Racial makeup (2011)
- • Black African: 9.9%
- • Coloured: 17.5%
- • Indian/Asian: 0.5%
- • White: 71.5%
- • Other: 0.6%

First languages (2011)
- • Afrikaans: 93.4%
- • English: 4.3%
- • Other: 2.3%
- Time zone: UTC+2 (SAST)
- Postal code (street): 6520
- PO box: 6520
- Area code: 044

= Hartenbos =

Town in Western Cape, South Africa

Hartenbos is a town in the Western Cape province of South Africa. It is located some 45 kilometres outside George, South Africa. It belongs, together with 20 other settlements, to the Mossel Bay Local Municipality. Originally a farm, the South African Railways and Harbours turned it into a holiday resort for their lower-rung employees in 1933.

==Population==
The 2001 census showed a population of 71,494 for the whole municipality. The official estimate of 2005 regards 99,676 as a proper figure for an increased population. Although no official figures have been made available, it is estimated that around 15% of these figures relate to the current population of Hartenbos.

==History==
In 1936 the Afrikaanse Taal en Kultuurvereniging (ATKV, and "Afrikaans Language and Cultural Society" in English) purchased the farm for 7000 pounds, divided it into 670 lots which sold for about 60 pounds each. The resort was expanded over the years, and several lots were hired out permanently on condition that no permanent brick structures were built on them; not until 1994 were people allowed to purchase these lots.

==Facilities==
The ATKV also has an amphitheater in the resort and holds Afrikaans cultural festivals, such as their 2005 Afrikiti concerts there. On Christmas morning, the Kersdiens is attended by thousands in this arena. Several other services, such as the Kerssangdiens (Christmas Carol Ceremony) and Middernagdiens (New Year Church Service) are held in the festive season. During this peak holiday season Hartenbos accommodates up to 15 000 visitors at a time.

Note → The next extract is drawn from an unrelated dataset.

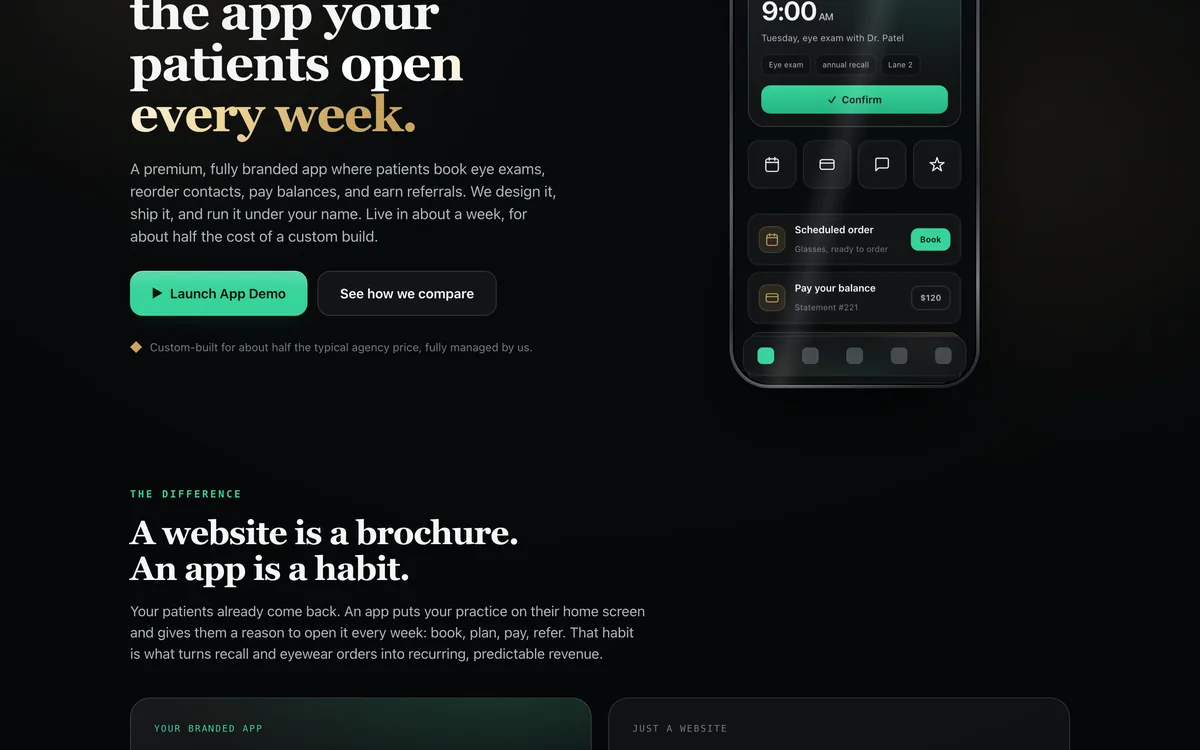 Eye Care Practice Branded App Template + greenridgeiris.com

The resort includes five kilometers of Blue Flag Beaches, a river with paddle boats, a super tube, fun park, heated swimming pool, flea markets, conference facilities and shopping centres. The resort is the largest self-catering establishment on the Western Cape's Garden Route coast. Hartenbos has its own primary school, sport clubs and several churches.

==Cultural significance==
Hartenbos is embedded into the Afrikaner cultural thinking. Koos Kombuis, a rebel against apartheid and member of the Voëlvry movement which kickstarted Afrikaans rock and roll, writes of the 'pure zen' of this town: "As a child, Hartenbos symbolised to me everything that is positive, beautiful and noble about humanity. The fact that my parents could not afford anything better than a very small asbestos home right next to the railway line did not bother me...with the years Hartenbos has not changed much...even though the seafront restaurant is now licensed [to sell liquor] the ooms and tannies (not just their children) still drink pink milkshakes after Sunday lunch. On the dirt roads of Hartenbos, the play of growing up is performed every season... But Hartenbos is not white anymore. Afrikaans, yes, but indeed multi-racial... How did the ATKV manage that? They did nothing. It just happened. Virtually overnight... It's high time the whole of South Africa learns the pure zen of Hartenbos."

==Modern==

There are radical changes and developments re-shaping the face of the municipality. Some of these new developments around the holiday area of the town have met with severe resistance from many locals, citing that the character of the town will be destroyed by these developments. Especially controversial are proposals to turn certain caravan parks into conference venues to ensure a constant market of tourists. To many people, however, these parks are the soul of the town. At the current stage, all talk of such development has ceased. It seems as though the town will remain as it is for some time to come.

==Bibliography==
- Tourist's Guide to Greater Mossel Bay (Compiled by Marie Sweetnam), vol. 1; Oct. 1997
- Kombuis, Koos: "Afrikaans my darling", Human & Rousseau (2003)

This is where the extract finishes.